The Multi-Generational SMSF: Understanding the Concept of Segregation
In a "normal" SMSF, everything is pooled, members share the bank accounts and investments proportionally. With segregation, specific assets are legally and administratively tied to specific members.
While many Australians manage their superannuation independently, some families—particularly within cultures that prioritize collective wealth—look to the "Family SMSF" as a vehicle for intergenerational prosperity. Current Australian regulations allow for up to six members within a single SMSF, creating opportunities for families to manage assets under one structure.
However, a common challenge in a multi-generational fund is the divergence of goals. A member aged 65 typically has different investment objectives (income and stability) compared to a member aged 35 (long-term growth).
The fix? Segregated Accounts.
What’s the deal with Segregation?
To address these differing needs, some funds utilize a structure known as Segregated Accounts.
The "Apartment Building" Analogy One way to visualize this is as an apartment building. All members share the same "front door" (the SMSF legal structure), but each member or couple has their own "private unit" (their own distinct bank accounts and investment assets).
In a traditional "pooled" SMSF, all assets are combined, and members share in the fund's total investment performance proportionally. In a segregated structure, specific assets are legally and administratively tied to specific members.
Functional Considerations
From a factual perspective, segregation changes how the fund operates in two primary areas:
1. Tax and Earnings Treatment By keeping accounts separate, the tax treatment of the fund becomes more distinct:
Tax Segregation: Assets tied to members in the "Pension Phase" can earn income that is exempt from tax (Exempt Current Pension Income), while assets tied to members in the "Accumulation Phase" remain subject to the standard 15% tax rate.
Attribution of Credits: Franking credits and investment returns are attributed directly to the account that holds the asset, rather than being shared across the entire fund's member base.

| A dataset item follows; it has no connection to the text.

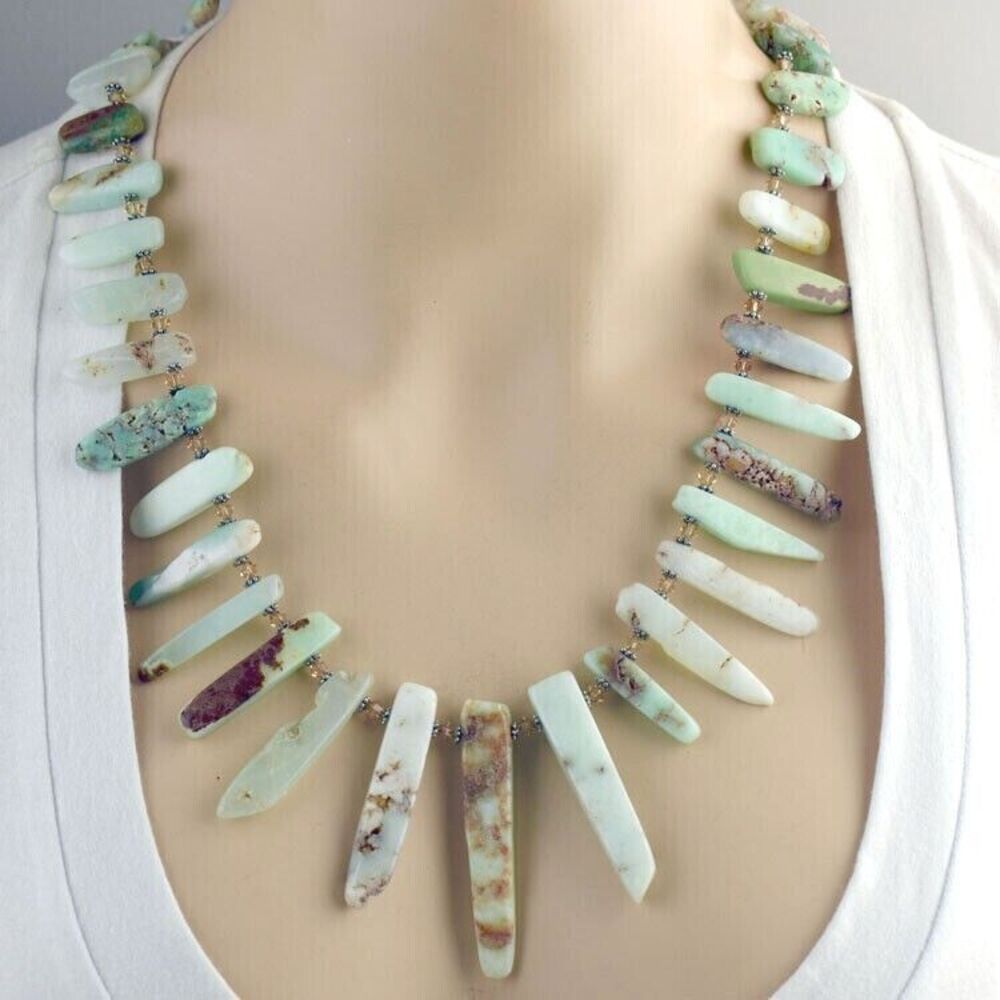 Handcrafted Chrysoprase Necklace Earring set made with Swarovski Crystals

2. Administrative Realities It is a common misconception that a multi-generational SMSF significantly reduces accounting costs. From an administrative standpoint, segregation requires significantly more tracking. Because every bank statement, dividend, and trade must be attributed to a specific "bucket," the accounting work is essentially doubled compared to a pooled fund. Consequently, the professional fees for a segregated fund are typically higher than those for a standard single-member or couple fund.
How it works in the real world (The Expense Hack)

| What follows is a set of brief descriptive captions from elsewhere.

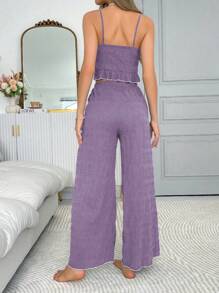 SHEIN Women Contrast Color Bow Strap Camisole & Pants Pajama Set - Purple - View 2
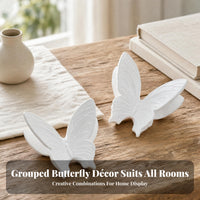 2 Pieces Butterfly Plaster Piece White Wall Decor Easy to Paint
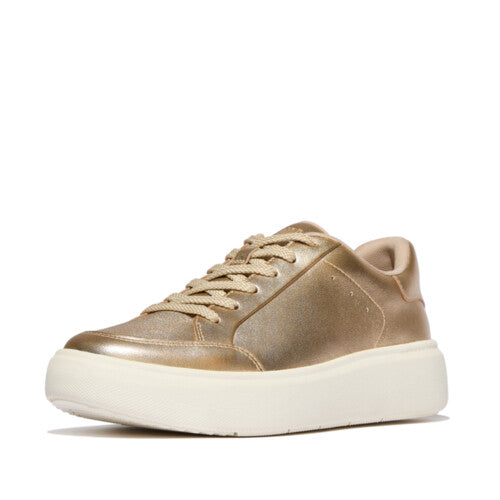 FitFlop RTG Metallic-Leather Trainers - Platino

In practice, families using this structure often aim for a "fairness" model regarding fund expenses (such as audit and accounting fees). A common factual method for handling these is as follows:
Central Payment: One "main" account (often the parents’) pays the total fund invoice to the service provider.
Internal Transfer: The other members (the children) then transfer their portion of the fee (e.g., 50%) into the parents' account to reimburse the fund.

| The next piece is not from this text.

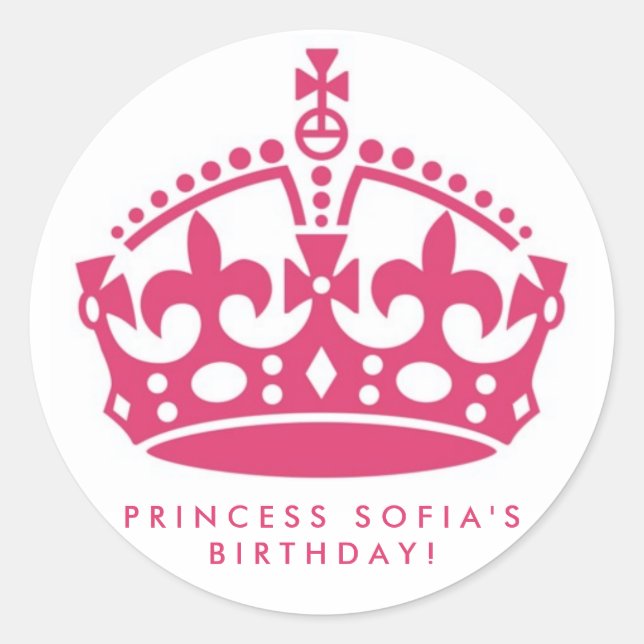 Pink Princess Party Tiara Favor Stickers (Front)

This method is used to keep bookkeeping clear and ensure that one member’s balance is not unfairly burdened by the administrative costs of the entire family group.
At a Glance: Is Segregation Right for Your Family?
A multi-generational SMSF with segregated accounts is a complex structure that allows for individualized investment strategies within a single legal entity. While it offers clarity regarding tax and asset ownership, it also carries higher administrative requirements and trustee responsibilities.
Beyond generational planning, segregation is an essential strategy for blended families. For couples with children from previous marriages, keeping investment 'buckets' separate is a powerful way to mitigate potential disputes and ensure estate intentions are honoured. While segregation is a sophisticated tool for connecting family members under one roof, its success relies on meticulous planning and clear boundaries.
The information provided in this article is general in nature and does not constitute personal financial, legal, or tax advice. It has been prepared without taking into account your personal objectives, financial situation, or needs. Before acting on any information, you should consider the appropriateness of the information having regard to your objectives, financial situation, and needs. We recommend seeking professional advice from a qualified financial advisor, accountant, or legal practitioner before making any decisions regarding your SMSF.